(Entries provided begins)

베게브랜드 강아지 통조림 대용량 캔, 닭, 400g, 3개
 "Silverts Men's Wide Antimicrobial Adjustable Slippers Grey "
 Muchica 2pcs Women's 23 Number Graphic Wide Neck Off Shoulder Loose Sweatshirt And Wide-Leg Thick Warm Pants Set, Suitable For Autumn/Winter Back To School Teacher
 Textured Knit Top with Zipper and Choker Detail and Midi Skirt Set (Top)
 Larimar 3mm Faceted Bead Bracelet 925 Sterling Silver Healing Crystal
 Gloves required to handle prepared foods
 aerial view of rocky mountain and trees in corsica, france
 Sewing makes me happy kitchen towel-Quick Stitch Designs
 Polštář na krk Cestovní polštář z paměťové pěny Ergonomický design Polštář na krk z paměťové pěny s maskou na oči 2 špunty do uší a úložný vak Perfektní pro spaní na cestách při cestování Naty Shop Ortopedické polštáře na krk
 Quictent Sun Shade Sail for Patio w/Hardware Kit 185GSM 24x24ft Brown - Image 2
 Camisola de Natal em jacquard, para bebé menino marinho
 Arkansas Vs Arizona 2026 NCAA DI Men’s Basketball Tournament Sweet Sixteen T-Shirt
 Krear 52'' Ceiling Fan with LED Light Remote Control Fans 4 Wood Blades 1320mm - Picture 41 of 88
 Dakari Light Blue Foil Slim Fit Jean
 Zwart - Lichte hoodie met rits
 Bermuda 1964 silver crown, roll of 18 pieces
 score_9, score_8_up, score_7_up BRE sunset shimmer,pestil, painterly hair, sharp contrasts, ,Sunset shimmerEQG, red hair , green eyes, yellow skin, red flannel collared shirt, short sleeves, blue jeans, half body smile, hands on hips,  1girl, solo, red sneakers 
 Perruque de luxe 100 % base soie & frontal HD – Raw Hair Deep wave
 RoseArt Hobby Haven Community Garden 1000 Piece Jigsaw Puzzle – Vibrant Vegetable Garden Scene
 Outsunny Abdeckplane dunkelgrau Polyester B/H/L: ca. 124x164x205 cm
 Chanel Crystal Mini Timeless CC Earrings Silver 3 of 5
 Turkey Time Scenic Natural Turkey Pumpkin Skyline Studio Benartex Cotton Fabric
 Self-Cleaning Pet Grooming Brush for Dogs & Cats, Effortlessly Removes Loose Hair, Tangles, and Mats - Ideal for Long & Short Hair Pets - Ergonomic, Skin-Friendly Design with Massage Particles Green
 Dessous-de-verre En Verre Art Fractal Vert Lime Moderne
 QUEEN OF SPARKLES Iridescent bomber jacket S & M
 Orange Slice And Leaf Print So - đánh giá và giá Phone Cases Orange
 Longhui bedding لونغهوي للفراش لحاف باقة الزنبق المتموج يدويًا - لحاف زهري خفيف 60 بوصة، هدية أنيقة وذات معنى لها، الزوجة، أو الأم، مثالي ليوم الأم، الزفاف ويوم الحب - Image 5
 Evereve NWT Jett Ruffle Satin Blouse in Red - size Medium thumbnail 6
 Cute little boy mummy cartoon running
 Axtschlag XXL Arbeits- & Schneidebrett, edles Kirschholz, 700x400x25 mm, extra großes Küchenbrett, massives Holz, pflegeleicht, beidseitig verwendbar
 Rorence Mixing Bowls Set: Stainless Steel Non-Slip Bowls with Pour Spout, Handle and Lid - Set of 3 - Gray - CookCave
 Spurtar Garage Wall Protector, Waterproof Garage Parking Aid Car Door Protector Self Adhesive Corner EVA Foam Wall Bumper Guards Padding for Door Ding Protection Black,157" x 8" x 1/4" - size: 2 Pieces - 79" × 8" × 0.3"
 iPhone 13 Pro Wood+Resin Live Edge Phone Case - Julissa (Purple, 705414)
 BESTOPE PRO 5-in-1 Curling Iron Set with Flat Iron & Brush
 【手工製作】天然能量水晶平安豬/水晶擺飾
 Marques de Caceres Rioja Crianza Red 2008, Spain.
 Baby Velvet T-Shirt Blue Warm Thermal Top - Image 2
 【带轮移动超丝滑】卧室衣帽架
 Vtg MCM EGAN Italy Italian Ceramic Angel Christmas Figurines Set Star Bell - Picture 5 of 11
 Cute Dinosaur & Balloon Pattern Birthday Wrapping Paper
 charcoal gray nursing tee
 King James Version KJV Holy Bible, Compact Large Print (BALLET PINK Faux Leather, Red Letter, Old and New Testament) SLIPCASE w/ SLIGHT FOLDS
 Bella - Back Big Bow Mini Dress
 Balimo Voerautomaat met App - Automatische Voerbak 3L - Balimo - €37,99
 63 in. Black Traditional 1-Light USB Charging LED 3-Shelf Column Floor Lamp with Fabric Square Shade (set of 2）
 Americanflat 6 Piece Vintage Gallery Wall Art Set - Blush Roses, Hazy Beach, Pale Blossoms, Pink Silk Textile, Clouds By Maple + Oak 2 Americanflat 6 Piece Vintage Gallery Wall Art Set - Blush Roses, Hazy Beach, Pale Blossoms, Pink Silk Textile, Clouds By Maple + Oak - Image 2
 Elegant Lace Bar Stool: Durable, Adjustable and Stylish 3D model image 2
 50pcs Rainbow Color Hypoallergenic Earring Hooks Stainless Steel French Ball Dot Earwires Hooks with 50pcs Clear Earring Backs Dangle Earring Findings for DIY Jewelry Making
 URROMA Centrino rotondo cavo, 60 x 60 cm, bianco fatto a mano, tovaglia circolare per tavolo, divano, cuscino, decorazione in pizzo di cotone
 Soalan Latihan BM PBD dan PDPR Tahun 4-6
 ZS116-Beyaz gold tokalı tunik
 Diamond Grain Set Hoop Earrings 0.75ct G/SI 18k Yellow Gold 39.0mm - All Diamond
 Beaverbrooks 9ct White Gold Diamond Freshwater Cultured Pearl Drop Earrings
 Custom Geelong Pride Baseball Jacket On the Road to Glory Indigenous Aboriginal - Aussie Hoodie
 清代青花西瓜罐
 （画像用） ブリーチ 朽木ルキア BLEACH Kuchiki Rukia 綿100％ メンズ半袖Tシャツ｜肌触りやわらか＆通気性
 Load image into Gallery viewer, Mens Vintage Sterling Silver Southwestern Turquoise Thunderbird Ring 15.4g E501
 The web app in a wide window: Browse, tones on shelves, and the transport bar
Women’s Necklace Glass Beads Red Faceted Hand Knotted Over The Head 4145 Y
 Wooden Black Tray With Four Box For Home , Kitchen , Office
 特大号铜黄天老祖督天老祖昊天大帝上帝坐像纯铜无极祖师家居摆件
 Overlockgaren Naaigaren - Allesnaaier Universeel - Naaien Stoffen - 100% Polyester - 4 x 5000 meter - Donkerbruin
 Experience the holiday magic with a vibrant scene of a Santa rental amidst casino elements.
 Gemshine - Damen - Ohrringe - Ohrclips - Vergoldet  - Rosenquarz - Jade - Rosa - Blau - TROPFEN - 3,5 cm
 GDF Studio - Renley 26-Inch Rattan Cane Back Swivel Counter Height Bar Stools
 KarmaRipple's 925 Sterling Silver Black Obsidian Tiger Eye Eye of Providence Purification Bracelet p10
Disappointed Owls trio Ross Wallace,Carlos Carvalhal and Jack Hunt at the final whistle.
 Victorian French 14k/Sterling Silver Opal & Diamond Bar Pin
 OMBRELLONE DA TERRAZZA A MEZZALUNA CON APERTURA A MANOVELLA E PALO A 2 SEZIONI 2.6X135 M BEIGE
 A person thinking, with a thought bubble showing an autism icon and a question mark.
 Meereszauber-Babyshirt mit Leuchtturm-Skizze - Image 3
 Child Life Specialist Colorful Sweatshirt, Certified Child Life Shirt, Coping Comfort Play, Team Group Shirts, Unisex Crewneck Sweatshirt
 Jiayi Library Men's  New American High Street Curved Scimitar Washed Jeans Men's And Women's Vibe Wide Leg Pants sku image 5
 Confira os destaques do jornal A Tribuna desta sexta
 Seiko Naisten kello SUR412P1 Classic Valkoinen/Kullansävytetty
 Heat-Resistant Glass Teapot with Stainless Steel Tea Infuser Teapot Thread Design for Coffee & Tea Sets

(Entries provided ends)

**The task:** Working from the records above, write out verbatim only the lines from the line containing "Textured Knit Top" through the line containing "Krear 52'' Ceiling".

**Written solution:**
 Textured Knit Top with Zipper and Choker Detail and Midi Skirt Set (Top)
 Larimar 3mm Faceted Bead Bracelet 925 Sterling Silver Healing Crystal
 Gloves required to handle prepared foods
 aerial view of rocky mountain and trees in corsica, france
 Sewing makes me happy kitchen towel-Quick Stitch Designs
 Polštář na krk Cestovní polštář z paměťové pěny Ergonomický design Polštář na krk z paměťové pěny s maskou na oči 2 špunty do uší a úložný vak Perfektní pro spaní na cestách při cestování Naty Shop Ortopedické polštáře na krk
 Quictent Sun Shade Sail for Patio w/Hardware Kit 185GSM 24x24ft Brown - Image 2
 Camisola de Natal em jacquard, para bebé menino marinho
 Arkansas Vs Arizona 2026 NCAA DI Men’s Basketball Tournament Sweet Sixteen T-Shirt
 Krear 52'' Ceiling Fan with LED Light Remote Control Fans 4 Wood Blades 1320mm - Picture 41 of 88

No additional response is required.